Every SaaS product I've built has analyzed traffic, and performed migrations/deployments at off-hours (generally, after midnight in our dominant time zone). In this case, the outage may have resulted in hundreds (thousands?) of paged administrators across the world, but at least fewer end-users would have been affected.
Also, at scale, it's a good idea to deploy to a single cluster/zone first, and check error rates before deploying to the larger environment.
It's pretty scary that the 'professionals' to whom I've trusted my business aren't more savvy when it comes to high availability...
Are you sure that Heroku is peaking 10 AM on a Monday?
I believe they have off-hours, but as an international product it could be interesting to know when. I know a lot of European products with European users that all depend on Heroku.
I'm not sure that Heroku is peaking at 10 AM on Monday, but I'm reasonably sure it's not a traffic nadir for them.
For example, 6 PM on Saturday PDT is 1 AM on Sunday GMT and 9 AM on Saturday in Hong Kong. This would almost certainly be a time of lower deployments / requests globally.
They have a separate EU hosting region that has separate maintenance (and uptime that's actually significantly better then US region): https://status.heroku.com/uptime?region=EU
So yeah, it was a lame time to schedule maintenance.
If you've architected for IAAS you have sufficient redundancy and a plan for graceful degradation. I'd rather be dealing with an outage after lunch than at 4am.
This is exactly the "developer-centric" mindset that is, frankly, misguided.
Sure, I would rather deal with an outage during business hours, but that means that many of my Customers are also dealing with an outage. If the outage were at 4 AM, most of my Customers would be asleep, and wouldn't even notice the outage.

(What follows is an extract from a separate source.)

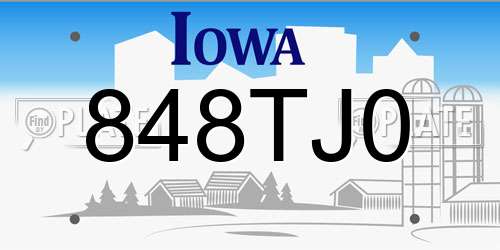 848TJ0 Iowa License Plate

I'm sure that's the plan. But if you reallyreallyreally need faultless 24/7 you're looking for something akin to "NASA as a service", and I assume that such a service wouldn't be able to invoice using something as pedestrian as a credit card.
You don't need to make your developers work a 24 hour cycle to do off hours maintenance. You plan ahead, give the team doing the update the day off before and give them a reasonable window to work with.

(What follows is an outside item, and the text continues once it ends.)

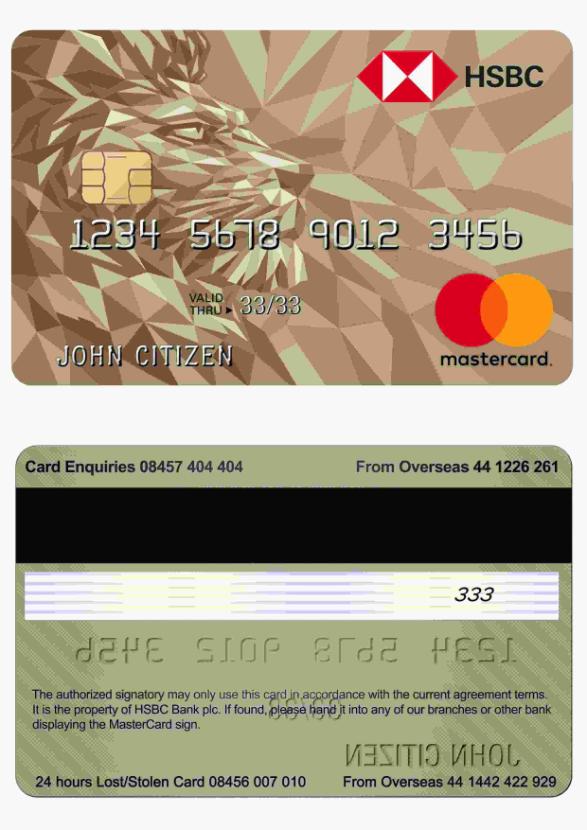 United Kingdom HSBC Gold mastercard credit card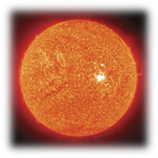 Photograph:An image of the Sun, captured by the Solar and Heliospheric Observatory (SOHO) satellite, shows a bright, active region in the lower atmosphere, at right of center. The image was taken in extreme ultraviolet light, with false color added in processing.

Maybe I'm wrong but if a deployment goes wrong at peak hours it's going to amount to a lot more lost money for the customer than it will if a deployment goes wrong at off hours. If you cost your customers money with an outage they're not going to care that you scheduled a developer-centric maintenance window.
There is no reason they cannot perform maintenance for US zones and EU zones at different times and avoid M-F mid-day for everyone. So it's probably "just easier" for Heroku this way.
Every SaaS product I've built has analyzed traffic, and performed migrations/deployments at off-hours (generally, after midnight in our dominant time zone). In this case, the outage may have resulted in hundreds (thousands?) of paged administrators across the world, but at least fewer end-users would have been affected.
Also, at scale, it's a good idea to deploy to a single cluster/zone first, and check error rates before deploying to the larger environment.
It's pretty scary that the 'professionals' to whom I've trusted my business aren't more savvy when it comes to high availability...